▸ Input data:
------------------------------------------------

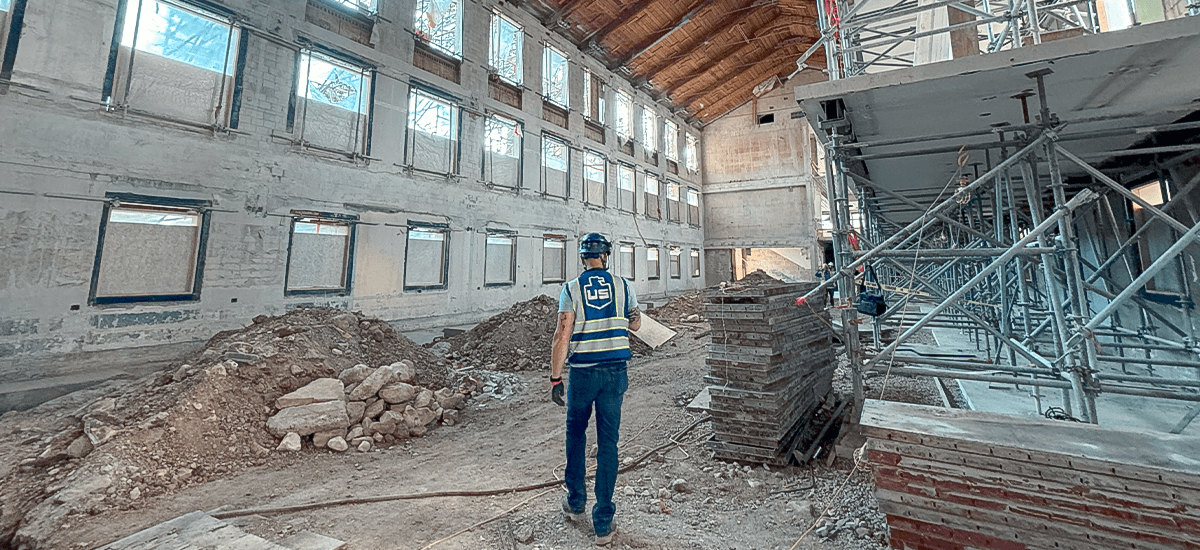 A person wearing a safety vest and helmet stands in a large, unfinished building with exposed walls, piles of dirt and rubble, and scaffolding on the right side. Light enters through tall windows without glass.
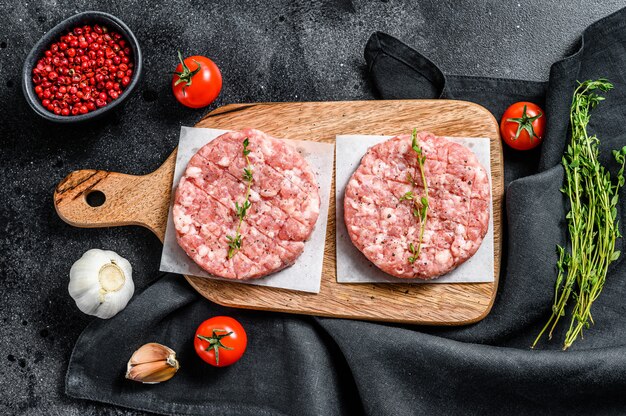 Empanada de pollo crudo, chuletas de carne picada en una tabla de cortar. Carne picada orgánica. Fondo negro. Vista superior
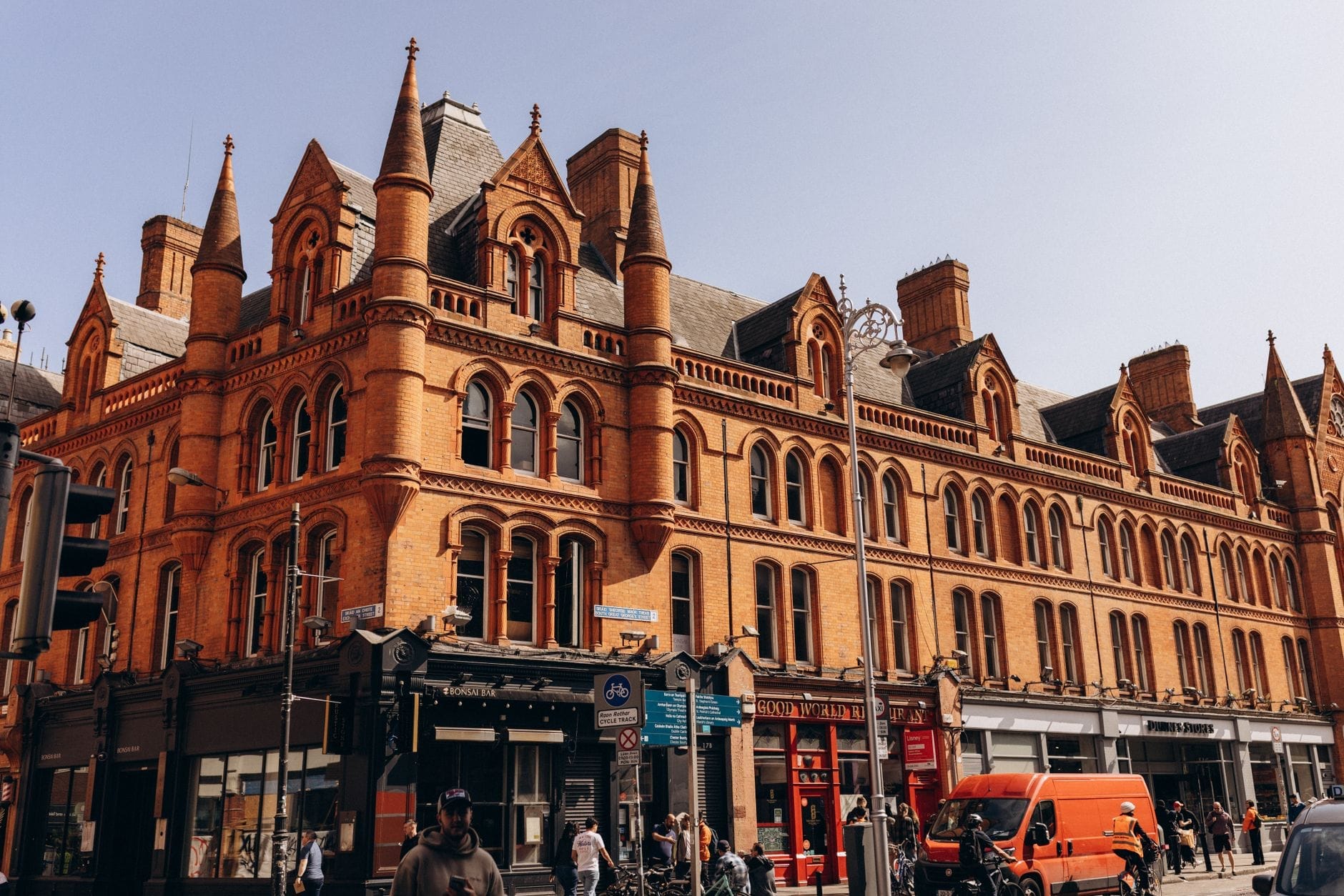 Vista grandangolare dell'esterno di George's Street Arcade, con la storica facciata vittoriana in mattoni rossi, gli archi a punta e il viavai della strada animata davanti all'ingresso.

------------------------------------------------

▸ What to do: In your answer, copy exactly the lines running from the line with "Empanada de pollo" to the end of the material above, both included, and omit all pictures.

▸ Exercise result:
 Empanada de pollo crudo, chuletas de carne picada en una tabla de cortar. Carne picada orgánica. Fondo negro. Vista superior
 Vista grandangolare dell'esterno di George's Street Arcade, con la storica facciata vittoriana in mattoni rossi, gli archi a punta e il viavai della strada animata davanti all'ingresso.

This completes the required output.